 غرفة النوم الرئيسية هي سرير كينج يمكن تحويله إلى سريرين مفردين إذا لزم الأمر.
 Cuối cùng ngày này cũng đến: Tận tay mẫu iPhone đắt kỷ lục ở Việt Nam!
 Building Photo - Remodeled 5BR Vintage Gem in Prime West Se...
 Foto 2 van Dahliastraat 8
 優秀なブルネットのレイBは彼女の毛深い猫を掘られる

== == ==

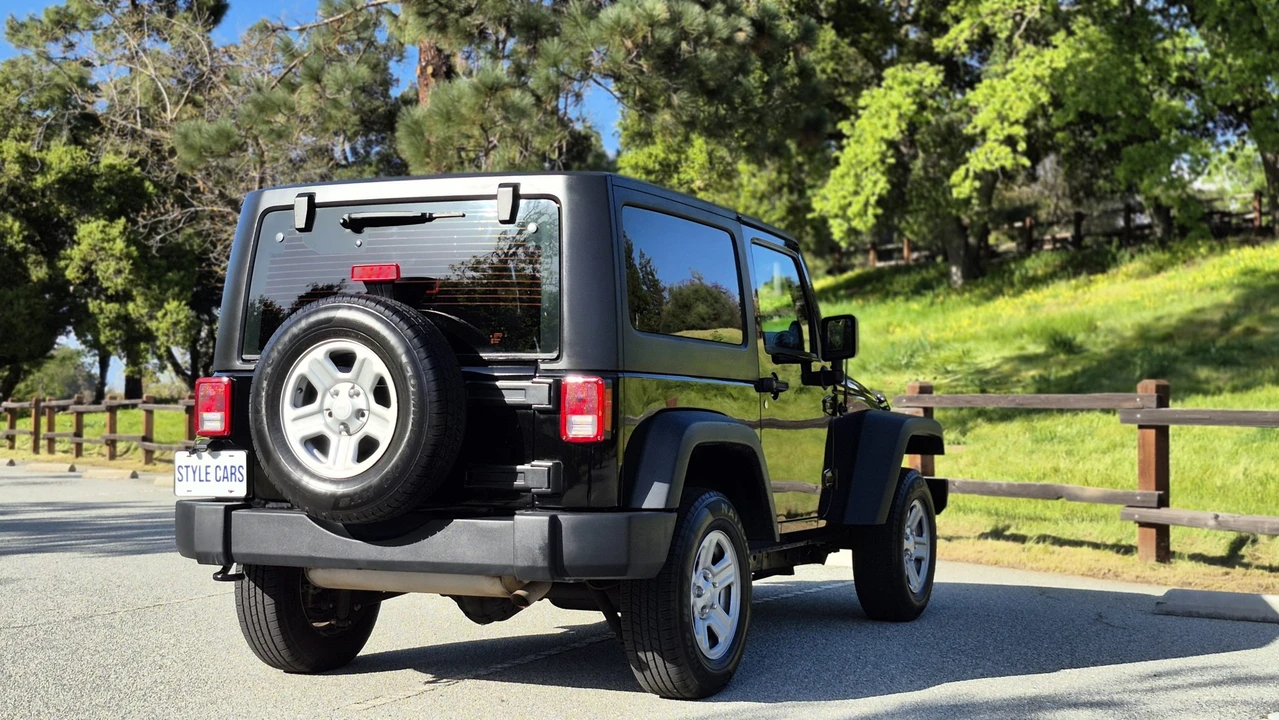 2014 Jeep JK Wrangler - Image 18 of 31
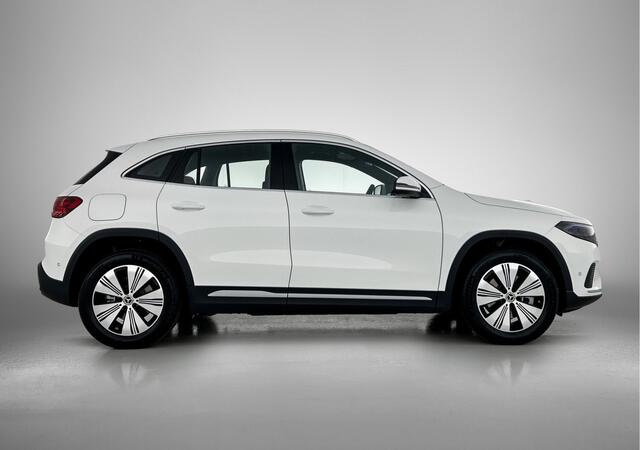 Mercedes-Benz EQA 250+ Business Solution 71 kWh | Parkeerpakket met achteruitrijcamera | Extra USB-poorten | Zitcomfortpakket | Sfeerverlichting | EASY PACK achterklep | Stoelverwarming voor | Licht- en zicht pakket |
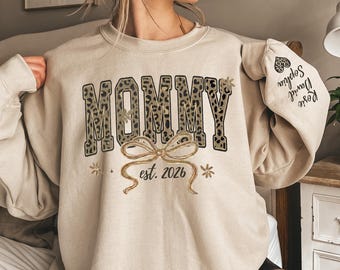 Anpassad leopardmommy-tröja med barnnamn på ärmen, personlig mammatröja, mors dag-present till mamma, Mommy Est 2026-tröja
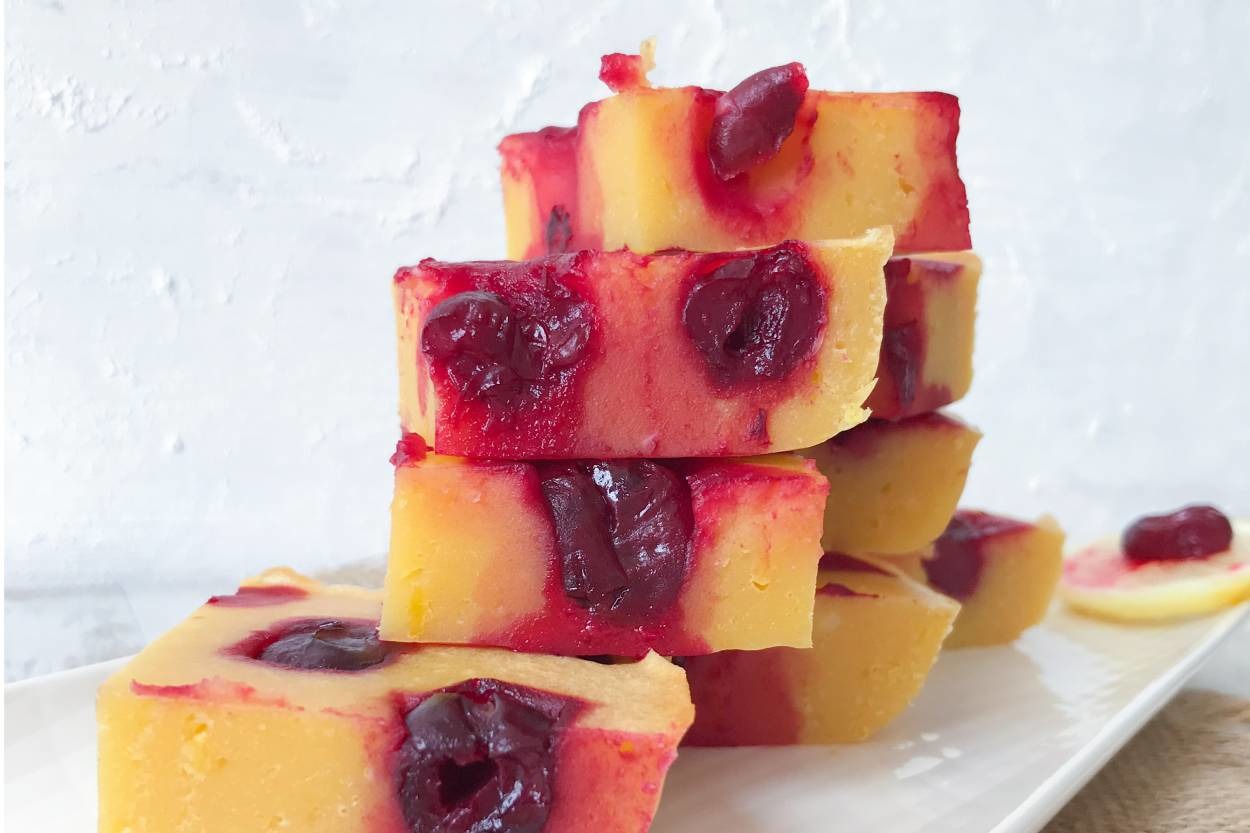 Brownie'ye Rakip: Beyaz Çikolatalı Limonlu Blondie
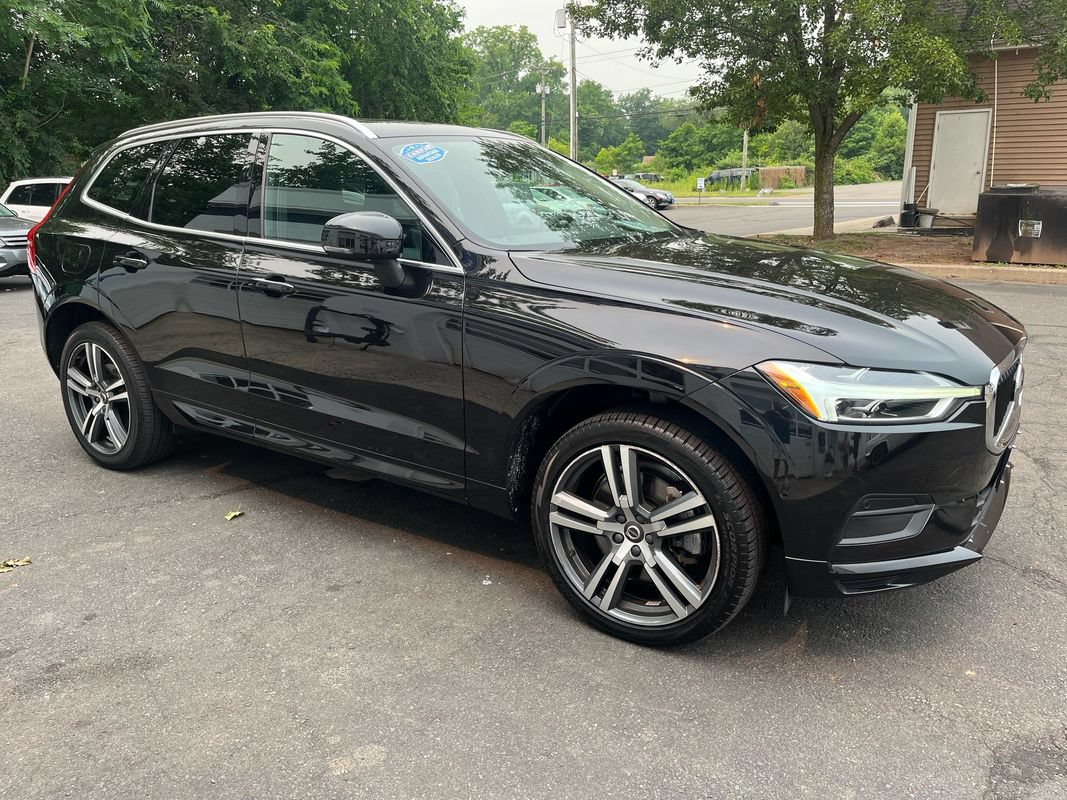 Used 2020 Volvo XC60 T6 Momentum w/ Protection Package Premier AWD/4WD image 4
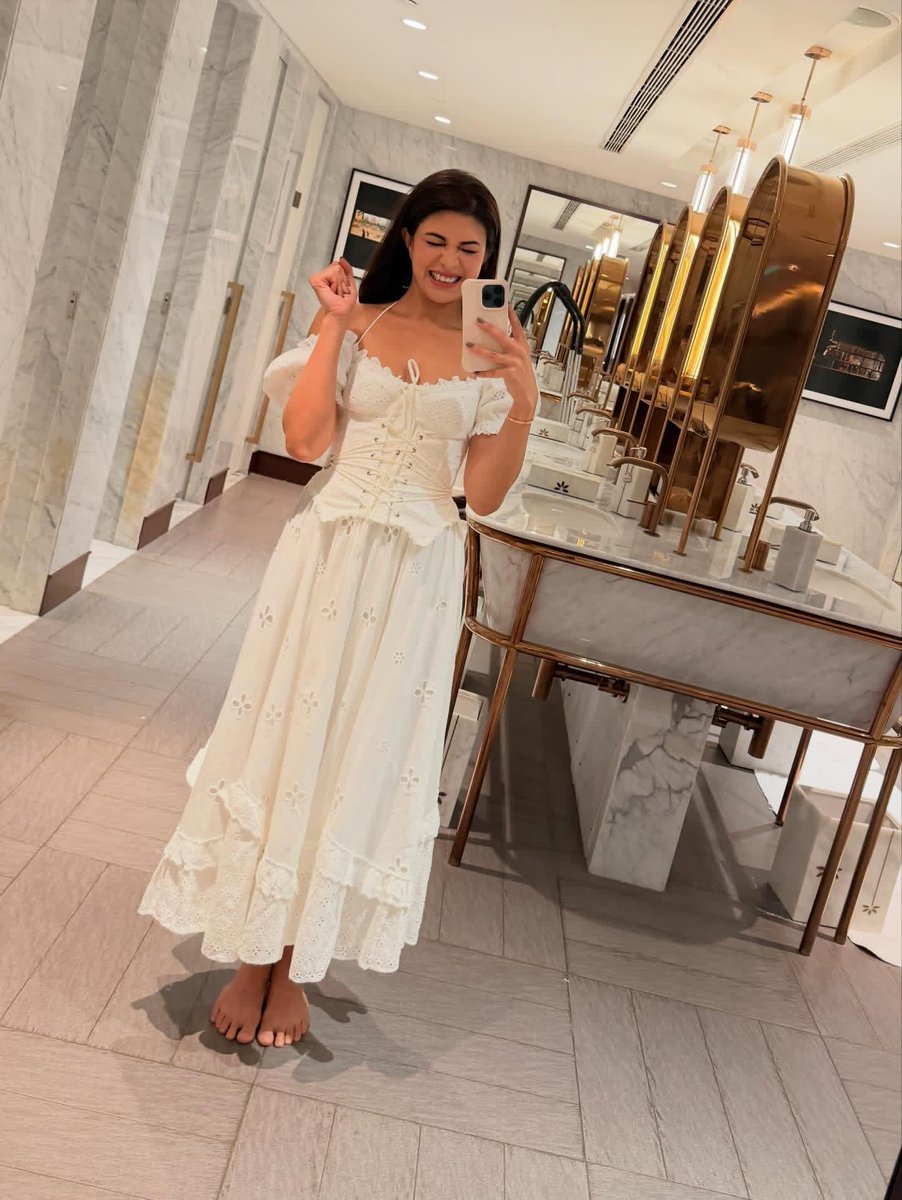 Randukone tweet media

== == ==

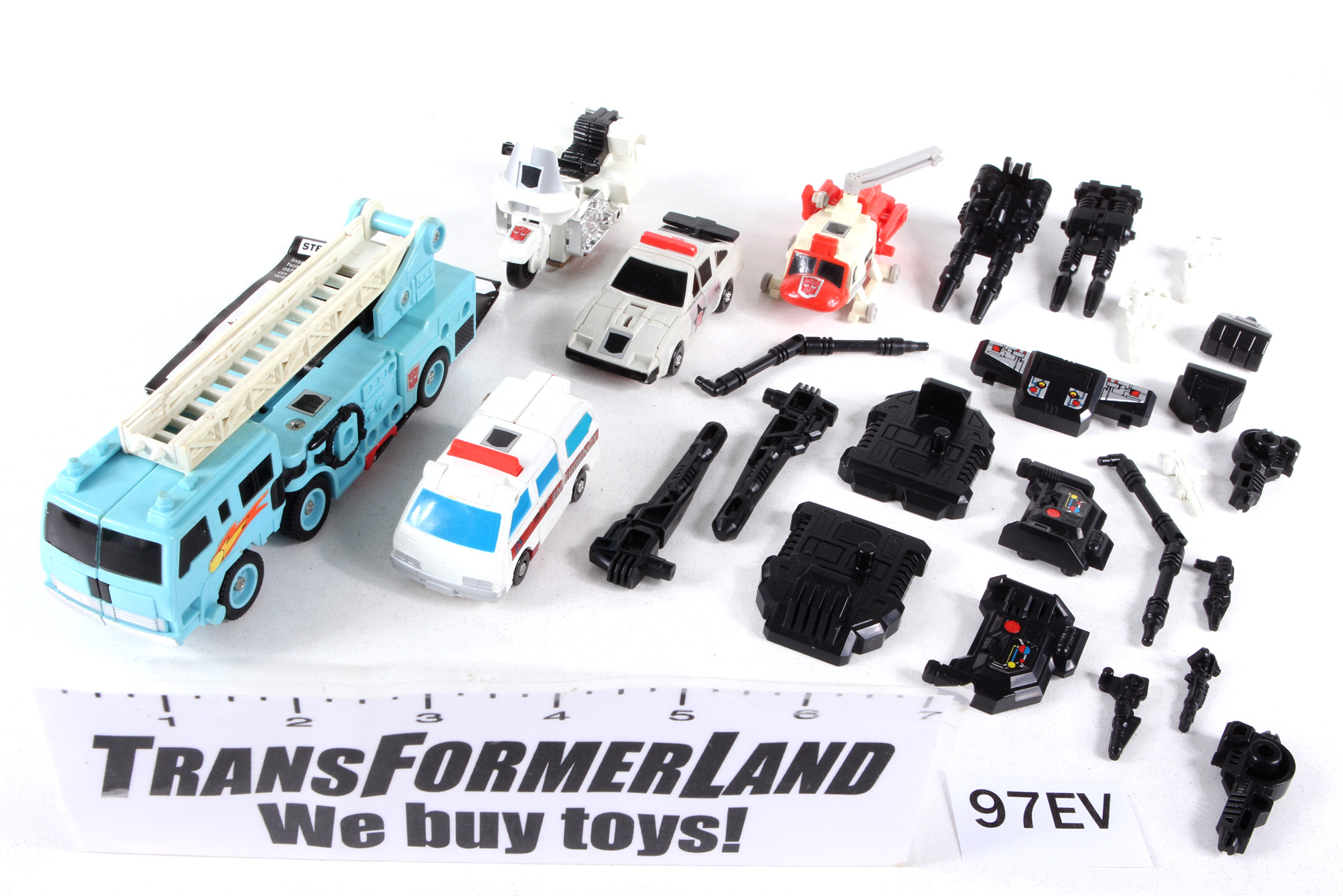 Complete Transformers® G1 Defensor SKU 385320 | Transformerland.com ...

== == ==

→ Task to complete: The expected output is exactly the lines of the listing above between the line holding "Building Photo - Remodeled" and the line holding "優秀なブルネットのレイBは彼女の毛深い猫を掘られる", inclusive.

→ Exercise response:
 Building Photo - Remodeled 5BR Vintage Gem in Prime West Se...
 Foto 2 van Dahliastraat 8
 優秀なブルネットのレイBは彼女の毛深い猫を掘られる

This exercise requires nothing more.